- TASK DESCRIPTION
Leave out the pictures and repeat the data exactly.
_ _ _
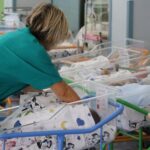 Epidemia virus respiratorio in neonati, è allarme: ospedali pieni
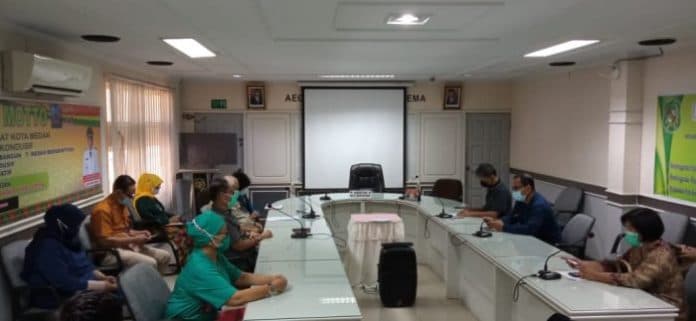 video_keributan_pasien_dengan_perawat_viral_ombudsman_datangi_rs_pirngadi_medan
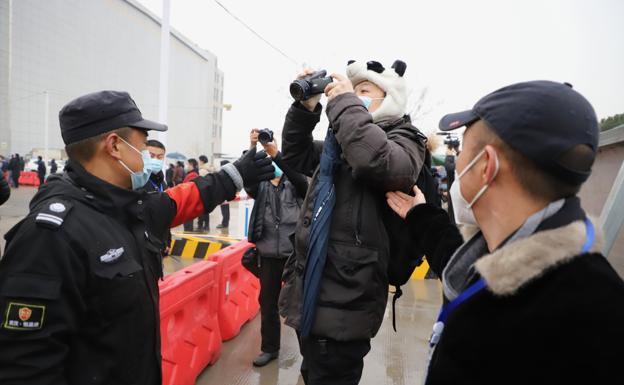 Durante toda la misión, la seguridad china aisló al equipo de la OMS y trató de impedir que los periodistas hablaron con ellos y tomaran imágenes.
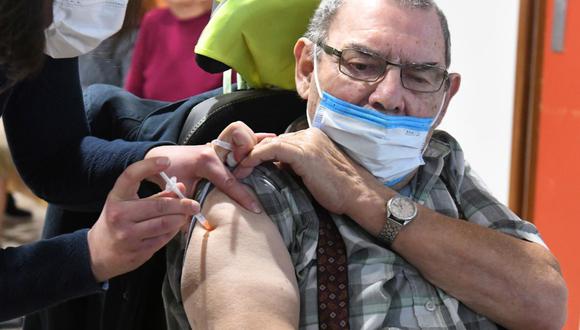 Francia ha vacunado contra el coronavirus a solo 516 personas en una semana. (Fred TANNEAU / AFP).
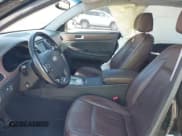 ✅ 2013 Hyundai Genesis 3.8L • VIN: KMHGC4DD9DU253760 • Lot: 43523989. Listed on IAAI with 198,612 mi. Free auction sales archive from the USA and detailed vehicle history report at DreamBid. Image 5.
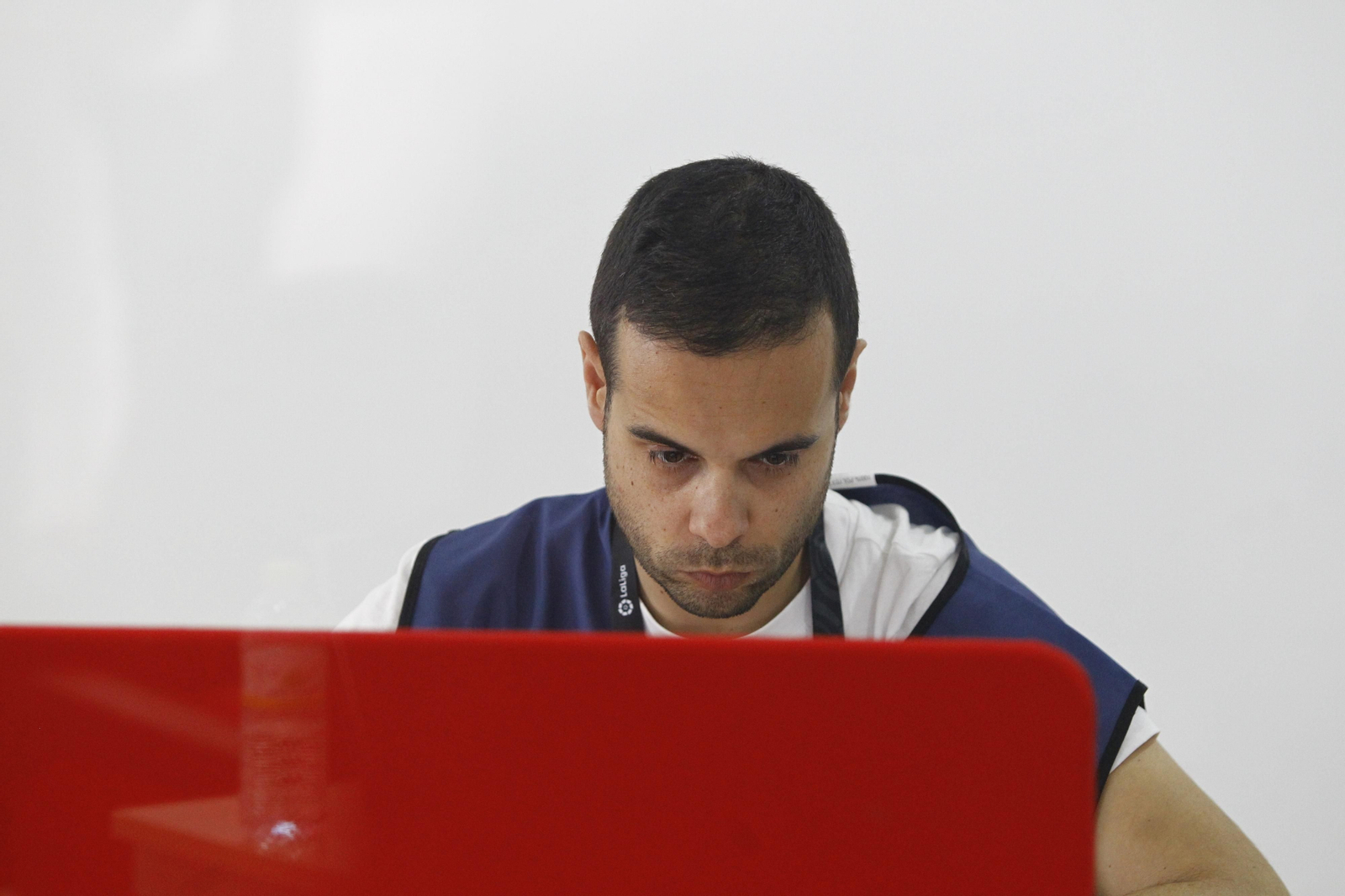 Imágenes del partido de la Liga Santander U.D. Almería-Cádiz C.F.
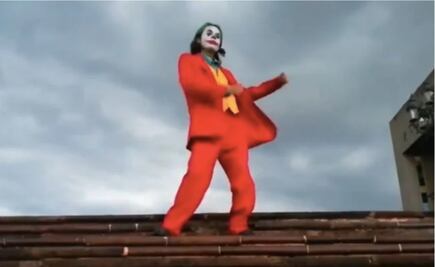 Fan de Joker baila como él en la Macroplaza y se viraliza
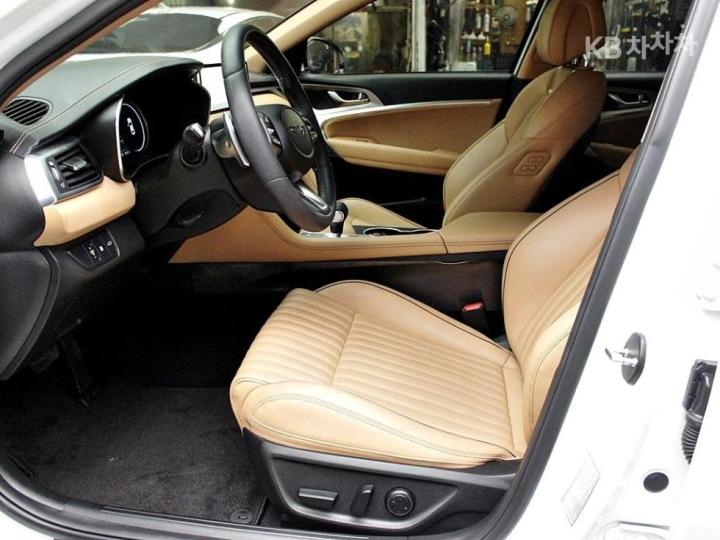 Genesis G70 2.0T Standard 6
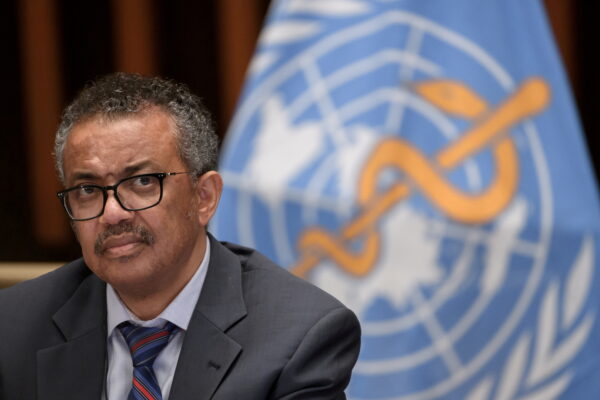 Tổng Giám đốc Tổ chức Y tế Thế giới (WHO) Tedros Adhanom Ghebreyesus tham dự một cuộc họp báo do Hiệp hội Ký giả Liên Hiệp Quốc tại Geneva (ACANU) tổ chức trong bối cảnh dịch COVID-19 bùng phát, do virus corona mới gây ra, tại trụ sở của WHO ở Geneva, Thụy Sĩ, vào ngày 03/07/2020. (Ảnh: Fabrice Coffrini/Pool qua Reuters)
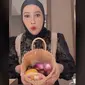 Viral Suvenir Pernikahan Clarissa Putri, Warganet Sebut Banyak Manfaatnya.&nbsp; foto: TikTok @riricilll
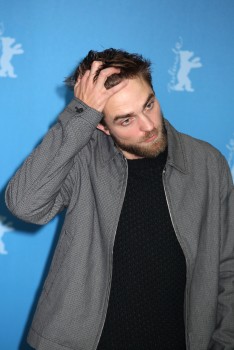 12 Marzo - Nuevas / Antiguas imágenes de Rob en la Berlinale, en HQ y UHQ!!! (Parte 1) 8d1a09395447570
_ _ _
- OUTPUT OF THE TASK
 Epidemia virus respiratorio in neonati, è allarme: ospedali pieni
 video_keributan_pasien_dengan_perawat_viral_ombudsman_datangi_rs_pirngadi_medan
 Durante toda la misión, la seguridad china aisló al equipo de la OMS y trató de impedir que los periodistas hablaron con ellos y tomaran imágenes.
 Francia ha vacunado contra el coronavirus a solo 516 personas en una semana. (Fred TANNEAU / AFP).
 ✅ 2013 Hyundai Genesis 3.8L • VIN: KMHGC4DD9DU253760 • Lot: 43523989. Listed on IAAI with 198,612 mi. Free auction sales archive from the USA and detailed vehicle history report at DreamBid. Image 5.
 Imágenes del partido de la Liga Santander U.D. Almería-Cádiz C.F.
 Fan de Joker baila como él en la Macroplaza y se viraliza
 Genesis G70 2.0T Standard 6
 Tổng Giám đốc Tổ chức Y tế Thế giới (WHO) Tedros Adhanom Ghebreyesus tham dự một cuộc họp báo do Hiệp hội Ký giả Liên Hiệp Quốc tại Geneva (ACANU) tổ chức trong bối cảnh dịch COVID-19 bùng phát, do virus corona mới gây ra, tại trụ sở của WHO ở Geneva, Thụy Sĩ, vào ngày 03/07/2020. (Ảnh: Fabrice Coffrini/Pool qua Reuters)
 Viral Suvenir Pernikahan Clarissa Putri, Warganet Sebut Banyak Manfaatnya.&nbsp; foto: TikTok @riricilll
 12 Marzo - Nuevas / Antiguas imágenes de Rob en la Berlinale, en HQ y UHQ!!! (Parte 1) 8d1a09395447570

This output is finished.